Et la jeune femme s'approcha de lui, et le regarda avec tristesse. Maurice se tut.

– Mais que voulez-vous donc? continua-t-elle.

– Je veux vous aimer, Geneviève, puisque je sens que maintenant je ne puis vivre sans cet amour.

– Maurice, par pitié!

– Mais alors, madame, s'écria Maurice, il fallait me laisser mourir.

– Mourir?

– Oui, mourir ou oublier.

– Vous pouviez donc oublier, vous? s'écria Geneviève, dont les larmes jaillirent du cœur aux yeux.

– Oh! non, non, murmura Maurice en tombant à genoux, non, Geneviève, mourir peut-être, oublier jamais, jamais!

– Et cependant, reprit Geneviève avec fermeté, ce serait le mieux, Maurice, car cet amour est criminel.

– Avez-vous dit cela à M. Morand? dit Maurice, ramené à lui par cette froideur subite.

– M. Morand n'est point un fou comme vous, Maurice, et je n'ai jamais eu besoin de lui indiquer la manière dont il se devait conduire dans la maison d'un ami.

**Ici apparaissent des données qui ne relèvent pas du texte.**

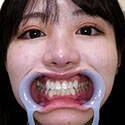 【歯フェチ】日向ひかげちゃんの歯を観察しました!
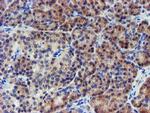 LECT2 Antibody in Immunohistochemistry (Paraffin) (IHC (P))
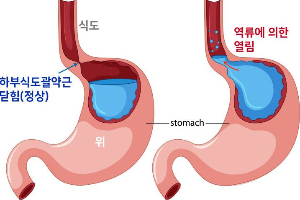 역류성 식도염 이미지2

– Gageons, répondit Maurice en souriant avec ironie, gageons que, si Dixmer dîne dehors, Morand ne s'est pas absenté, lui. Ah! voilà ce qu'il faut m'opposer, Geneviève, pour m'empêcher de vous aimer; car tant que ce Morand sera là, à vos côtés, ne vous quittant pas d'une seconde, continua-t-il avec mépris, oh! non, non, je ne vous aimerai pas, ou, du moins, je ne m'avouerai pas que je vous aime.

– Et moi, s'écria Geneviève poussée à bout par cette éternelle suspicion, en étreignant le bras du jeune homme avec une sorte de frénésie, moi, je vous jure, entendez-vous bien, Maurice, et que cela soit dit une fois pour toutes, que cela soit dit pour n'y plus revenir jamais, je vous jure que Morand ne m'a jamais adressé un seul mot d'amour, que jamais Morand ne m'a aimée, que jamais Morand ne m'aimera; je vous le jure sur mon honneur, je vous le jure sur l'âme de ma mère.

– Hélas! hélas! s'écria Maurice, que je voudrais donc vous croire!

– Oh! croyez-moi, pauvre fou! dit-elle avec un sourire qui, pour tout autre qu'un jaloux, eût été un aveu charmant. Croyez-moi; d'ailleurs, en voulez-vous savoir davantage? Eh bien, Morand aime une femme devant laquelle s'effacent toutes les femmes de la terre, comme les fleurs des champs s'effacent devant les étoiles du ciel.

– Et quelle femme, demanda Maurice, peut donc effacer ainsi les autres femmes, quand au nombre de ces femmes se trouve Geneviève?

– Celle qu'on aime, reprit en souriant Geneviève, n'est-elle pas toujours, dites-moi, le chef-d'œuvre de la création?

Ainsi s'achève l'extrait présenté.